# 4 Great Pyrs in TN on death row



## BlondeSquirrel04 (Oct 3, 2012)

http://www.facebook.com/tndeathrowdogs

I saw 4 Great Pyrs come across my Facebook today. The owner is selling all his goats and dumped his 4 Pyrs. All are at a high kill shelter and will likely be euthanized. If you are looking for a LGD and are anywhere near TN, here is your chance!


----------



## dwbonfire (Oct 3, 2012)

ugh that is sad.. why cant people be responsible and try to place the dog in a new home rather than dumping them! what a shame. i wish i was closer


----------



## Stubbornhillfarm (Oct 3, 2012)

What a shame!  There are so many people that would love to have the opportunity to have LGD's.  I hope that someone in that area can at least foster them until suitable homes can be found.


----------



## Alice Acres (Oct 3, 2012)

I shared it as well - I have dog friends all over the country, some in TN. Hope these dogs can get new homes, and better yet - homes with stock!


----------



## redtailgal (Oct 3, 2012)

they were all adopted out about half an hour ago.


----------



## Southern by choice (Oct 3, 2012)

:bun
Hopefully this will have a happy ending and the dogs will be in their forever homes!
It is so sad... right now though, so many people are in foreclosure and losing everything you never really know the circumstances. I'm glad these guys found a home. One day when I am on more land I would love to do LGD foster program.


----------



## that's*satyrical (Oct 3, 2012)

redtailgal said:
			
		

> they were all adopted out about half an hour ago.

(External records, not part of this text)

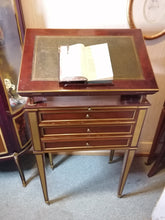Charger l'image dans la galerie, Rare table liseuse et  chifonnière d'époque Directoire, placage acajou et incrustations laiton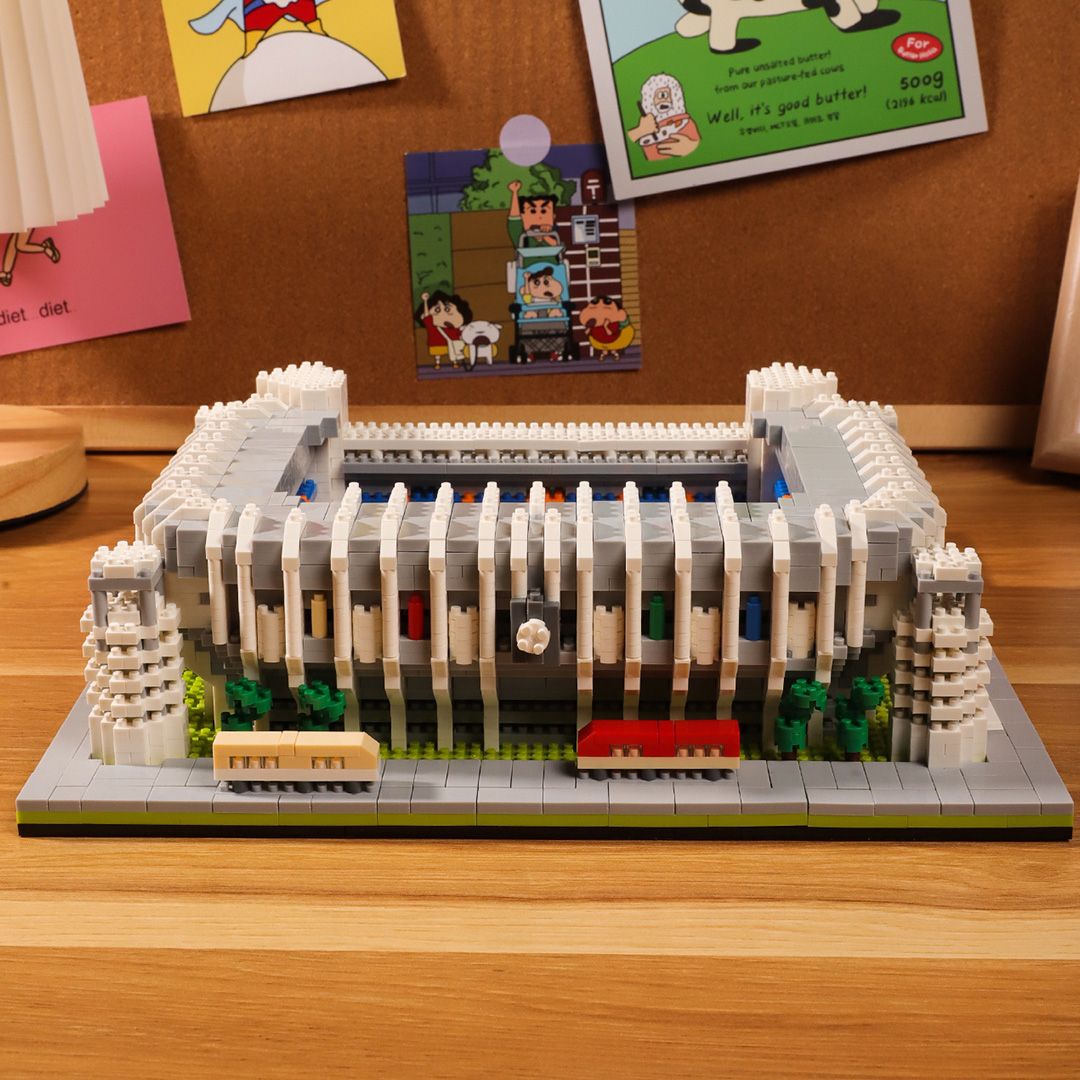 LEGO Santiago Bernabéu Stadium product thumbnail 3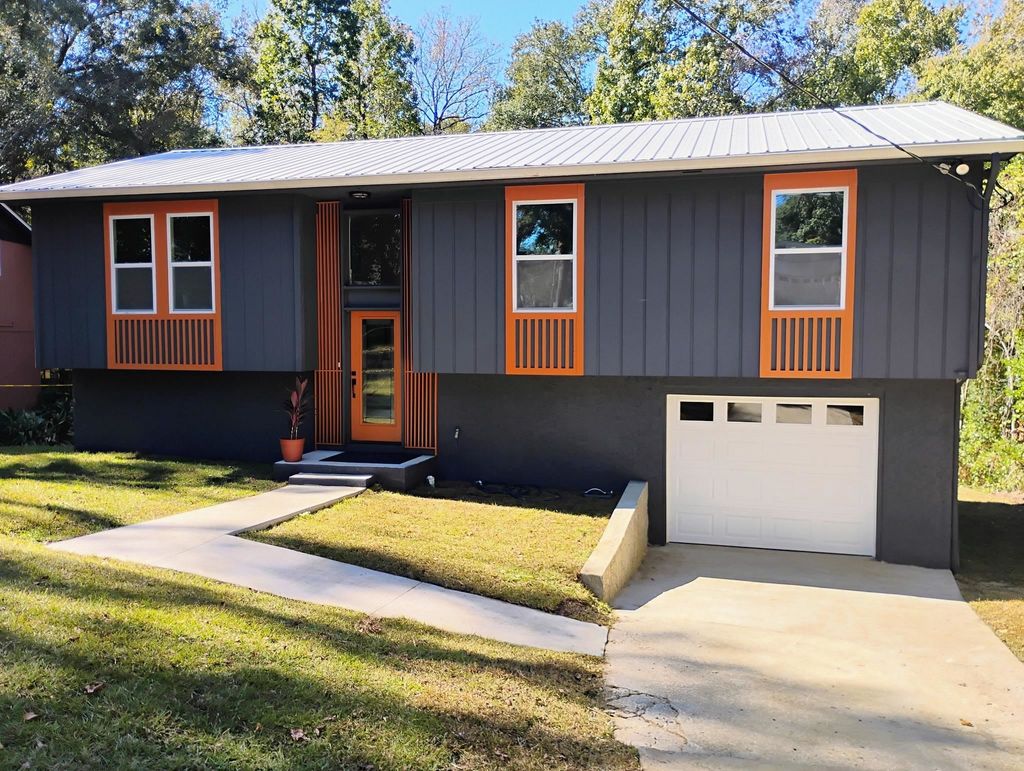 Photo of 2802 Primrose Lane, Tallahassee, FL 32301 (MLS # 393948)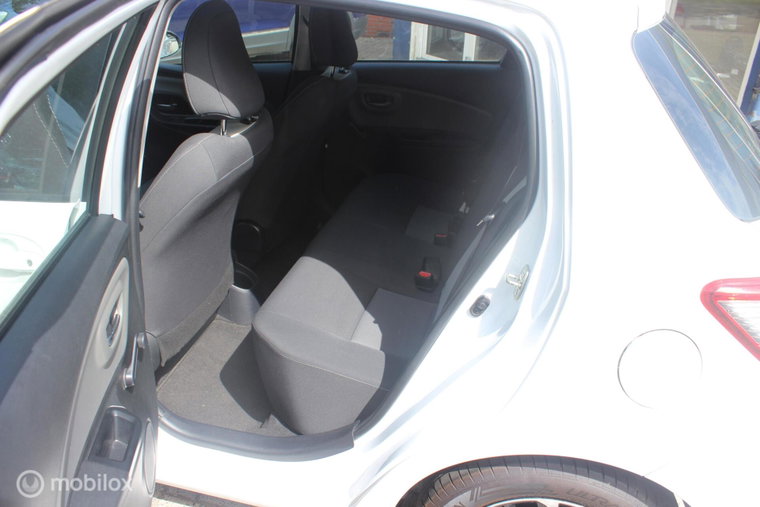 Vehicle Image 16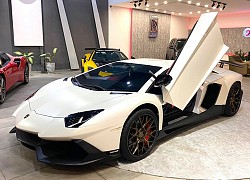 Độ phiên bản kỷ niệm 50 năm chưa đủ, chủ xe Lamborghini Aventador tiếp tục nâng cấp nội thất với hàng loạt chi tiết Alcantara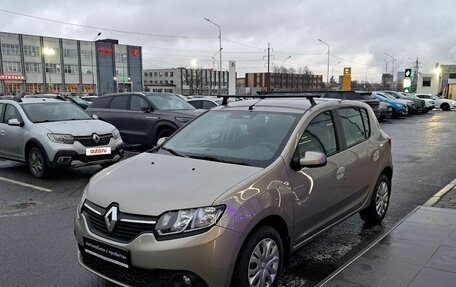 Renault Sandero II рестайлинг, 2015 год, 798 000 рублей, 3 фотография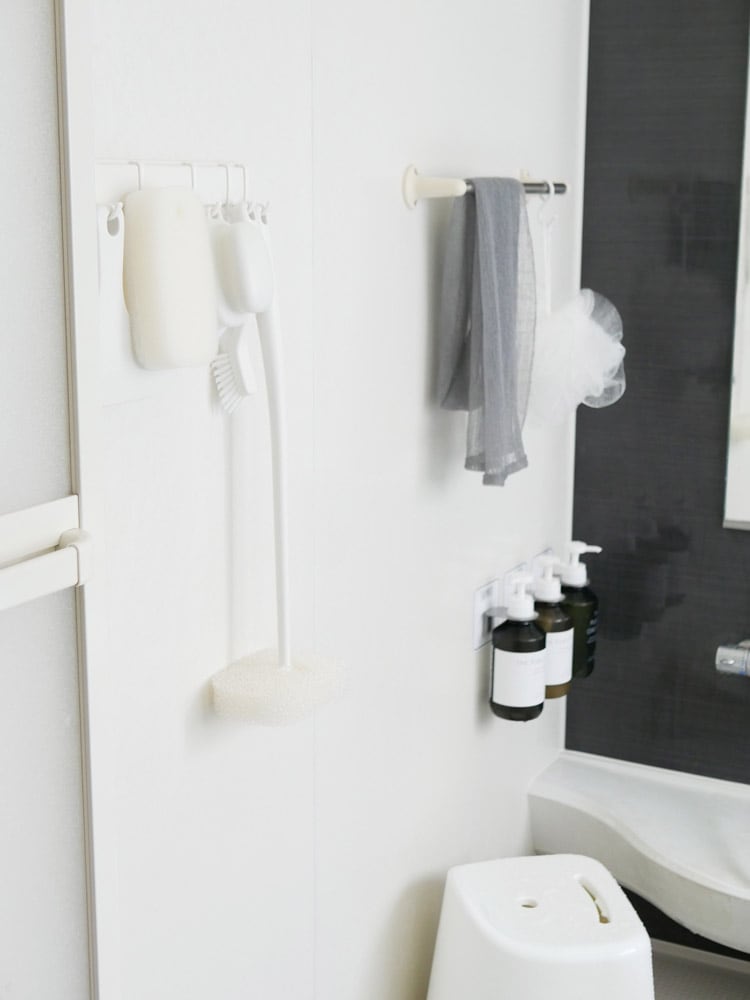 白色マグネット式トイレットペーパーホルダー5連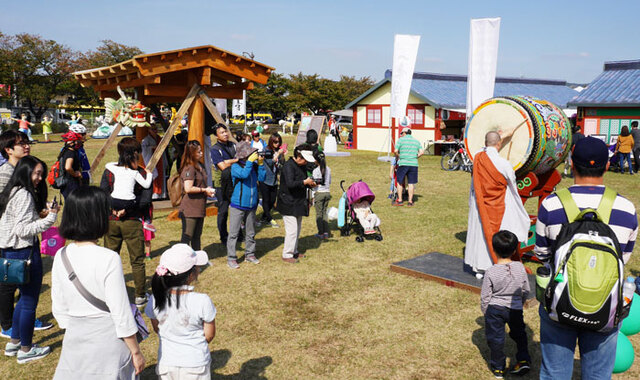 ▲ `2014 신라 소리축제 에밀레전`에서 관람객들이 스님들의 공연을 관람하고 있다.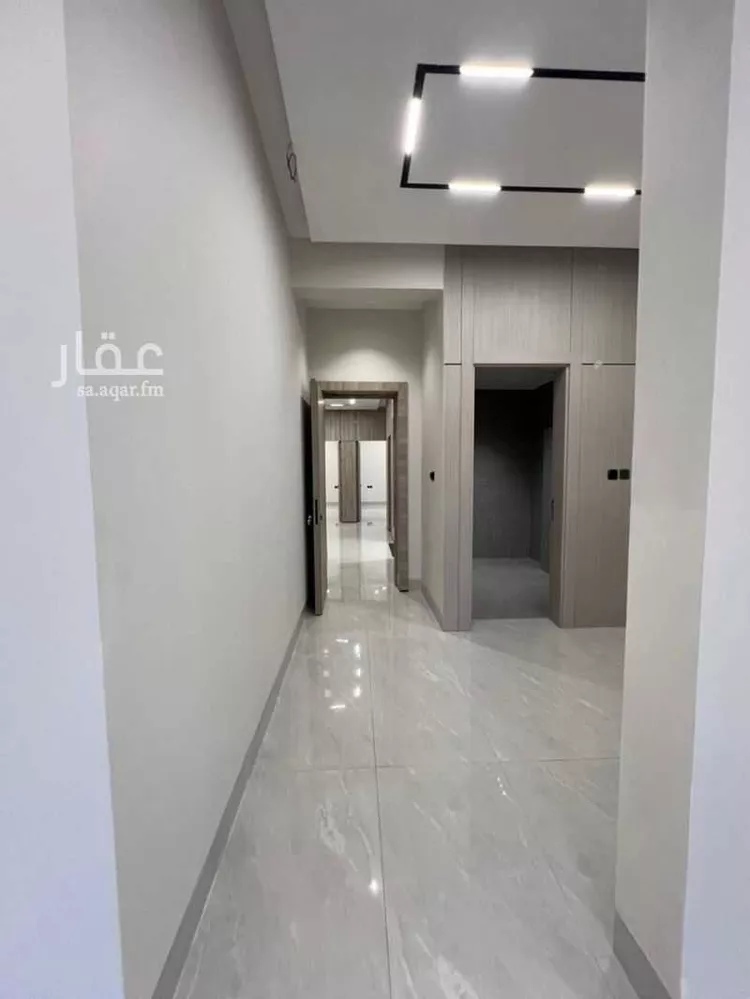 فيلا للبيع في شارع عيسى ابن سلمان خليفه, حي المعيزيلة, مدينة الرياض, منطقة الرياض 21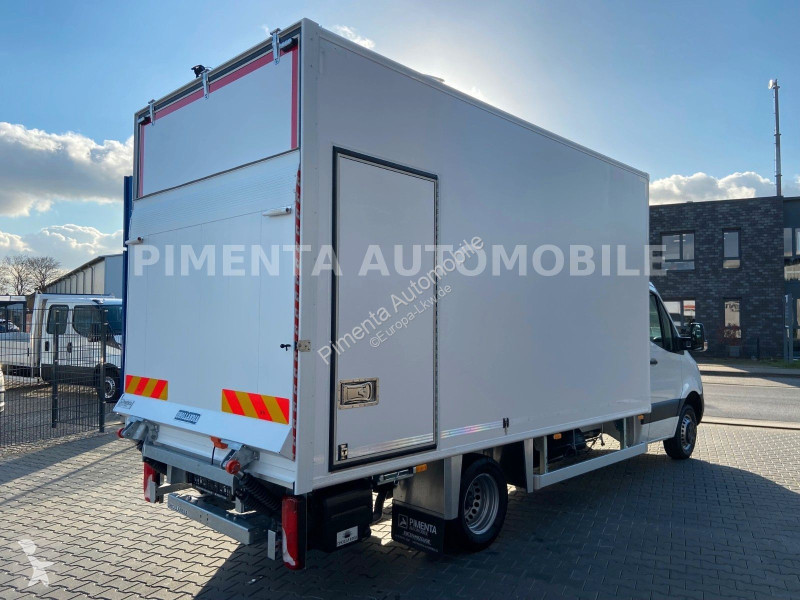 شاحنة Mercedes 517 5t TRANSPORTKOFFER 2,40mH...
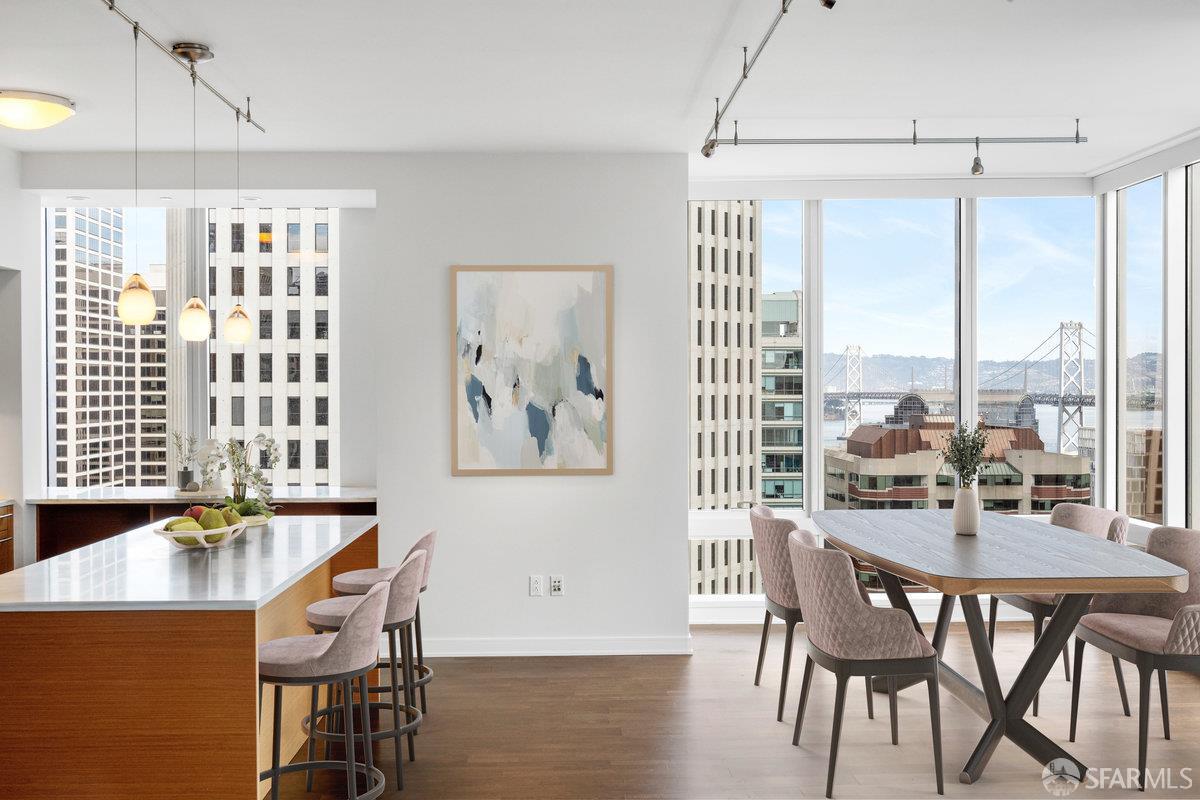 Detail Gallery Image 3 of 54 For 301 Mission St 29d,  San Francisco,  CA 94105 - 2 Beds | 3 Baths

Boo  my friend just headed up there to get one & she really needs a Great Pyr for her herd.


----------



## Stubbornhillfarm (Oct 3, 2012)

That is great news!  It would be wonderful if they could stay together as a team.  Thanks for the update!

that's*satyrical, I hope that your friend is able to get one somewhere.  I know there are many more out there that are in need of homes.


----------



## dwbonfire (Oct 3, 2012)




----------



## Straw Hat Kikos (Oct 3, 2012)

I'm glad someone took them. That would have been a real shame.


----------



## BlondeSquirrel04 (Oct 3, 2012)

redtailgal said:
			
		

> they were all adopted out about half an hour ago.


Really??? How do you know? Do you know if they all went together?


----------



## that's*satyrical (Oct 4, 2012)

Well I am glad if they all found homes just would have sucked for her since it was quite a drive for her....


----------